For any art director or art lead it’s important that your portfolio is not a collection of happy accidents, not a collection of sparks of inspiration. You need to demonstrate that you can systematically reach impressive design results, not just when you feel like.

Showing impressive work from actual projects, where you have worked with other people is also a big plus. Look for game jams in your region. Jams are a good and quick way to get some content with project context.

So to your question specifically: it’s more art book than art gallery for concept artists. Process for concept artists is as important as the final result. 3D artist need to include references and model sheets as well, so the AD can see how well they translate concept art to model. They also need to show naked meshes and texture maps, so the 3D lead can assess the quality of the work. Illustrators however better focus mostly on the final work.

5. Form.

Each and every image has your contact information on it. A small readable line of text near the border of the image is fine. No watermarks.

Don’t sign your images like Karl Lagerfeld. Really don’t. Nobody is impressed by a concept artists putting a big artist’s signature next to a character that is as big as that character’s thigh. It’s rather pretentious.

Always send PDFs when applying for a job, even when you invite them to your site as well. You never know what happens when they stumble upon you in their files. Also having something to print out is really comfortable for recruiters.

Keep PDFs under 4mb, under 2mb is even better. No fancy cover pages for PDFs. Cut to the chase, don’t let them waste their printer ink. Start with your resume best.

6. Be a person.

Make yourself visible at conventions, recruiting events, public events and all that. There is nothing more valuable than having shaken hands with a recruiter and snatched a direct contact before sending an application.

7. Get second opinions.

What you have just read is 1 opinion from 1 person. I’m confident in my advice, since I work as an art director and recruiter for 4 years, am working as a freelance artist for 9 years and work with art teachers to prepare game art students for the professional world for 5 years now. So I bring a couple of perspectives to this.

However, other recruiters have other opinions and preferences. Do your research. Ask around.

I hope that helps.

2 Replies to “How to Build Your Portfolio?”

  1. Little confused about “Show your best only” vs “1 work sample does not mean 1 image”

    If you’re only supposed to show your best, then how can you show your process behind them? Because the beginning is hardly the best of the process right?

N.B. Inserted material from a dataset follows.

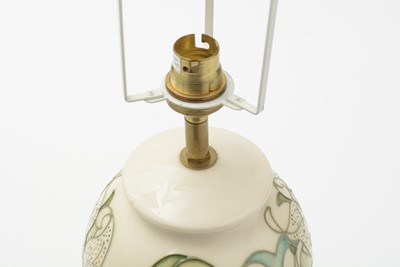 Lot 120 - Moorcroft lamp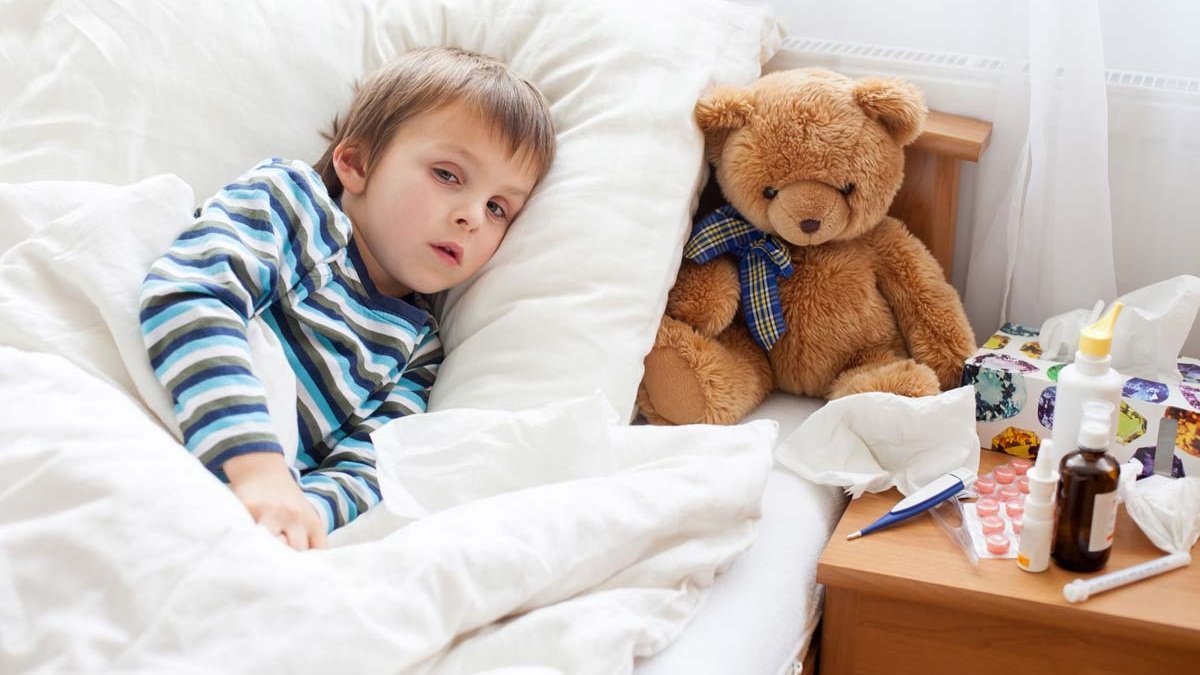 ребенок 10 месяцев во сне упал с дивана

  2. Do you have an example of #5 you could provide? Both the line of contact info in an image, and the pdf smaller than 4mb? I have used a PDF resume (it’s all infographic like) and it works 50/50; if I know it’s an individual that will print it out to read it, it blows them away. However if it’s a recruiter or a website that tries to digest it into a recruiting system, it blows up, doesn’t get in their system, and I never hear from them again.